I was just as scared and insecure as many of you say you are right now. And I know, it is SO hard to just effin do it like everyone says. I had myself convinced there was so much more to it than that. And emotionally, there totally is. But in terms of the actions one must take, it really is that simple. You don't wait for there to be a better day. You don't wait for your mind to come around, or for your ED to say its OK. Because that day will never come. Believe me, I never felt like eating at first. Even now, I have days where I'm just not very hungry. But I eat anyways, because if I don't the next day will just be that much harder. Sometimes, you have to jump-start yourself in order to get back to where you want to be. In the world of recovery - this means you will be uncomfortable for a few days. It means there will be anxiety, there will be fear, and there will be more calories than you may feel you are capable of dealing with. But you know what? All of those thoughts are created by your ED. You CAN handle eating an extra 200 or 300 calories a day. Its a glass of milk with a slice of toast with a tablespoon of peanut butter for heavensakes. Will your anorexia rise up in anger? Yes. But those feelings stem from your eating disorder being afraid of losing its power over you. When the ED voice is fighting with you the most over what you are doing - that is how you know for sure it is the absolute right thing to do. You can do anything you tell yourself you can. And that is the hardest part - being OK with using your own voice instead of the anorexic one. But no matter how strong your ED is, there is always a glimmer of your real self, under the shadows. You have to listen to that part, even for just a minute every day. And do what YOU know is what you need to do. After the first time, every time after that gets easier and easier. It is totally possible to outsmart and out-do your eating disorder. That's how I made it through.

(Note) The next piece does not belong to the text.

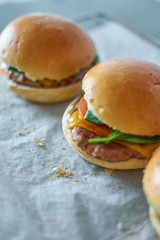 Homemade hamburguers on baking paper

If I can recover, anyone can. Its all in the first step. You either make it, for whatever the reason, or you don't. After that, all things can become possible. Its been 20 months now since I started recovery. I've got about 4-6 at a reasonable weight for my height. I took it slow, and there is no shame in that. But even when I was taking it slow - I was never stalled. I had a constant momentum, no matter how fast or slow it was, I was always making sure I stayed on the right track. I still am, and I'm still going. And I believe everyone can find their way too. You just have to fight for it, and never let up. Remember, we may not choose to be eating disordered, but we DO chose whether or not we fight. We are not passive victims, we have the ability to overcome our ails.